Long-lived queens of the termite Reticulitermes speratus have significantly lower oxidative damage to their DNA than non-reproductive individuals (workers and soldiers). Queens have more than two times higher catalase activity and seven times higher expression levels of the catalase gene RsCAT1 than workers. It appears that the efficient antioxidant capability of termite queens can partly explain how they attain longer life.

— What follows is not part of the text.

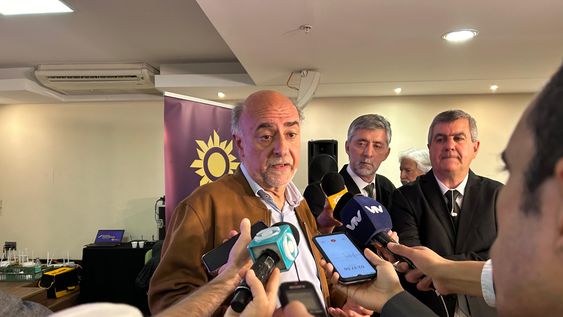 Pablo Mieres, candidato a la presidencia por el Partido Independiente Pablo Mieres, candidato a la presidencia por el Partido Independiente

Catalase enzymes from various species have vastly differing optimum temperatures. Poikilothermic animals typically have catalases with optimum temperatures in the range of 15–25 C, while mammalian or avian catalases might have optimum temperatures above 35 C, and catalases from plants vary depending on their growth habit. In contrast, catalase isolated from the hyperthermophile archaeon Pyrobaculum calidifontis has a temperature optimum of 90 C.

== Clinical significance and application ==

Hydrogen peroxide

Catalase is used in the food industry for removing hydrogen peroxide from milk prior to cheese production. Another use is in food wrappers, where it prevents food from oxidizing. Catalase is also used in the textile industry, removing hydrogen peroxide from fabrics to make sure the material is peroxide-free.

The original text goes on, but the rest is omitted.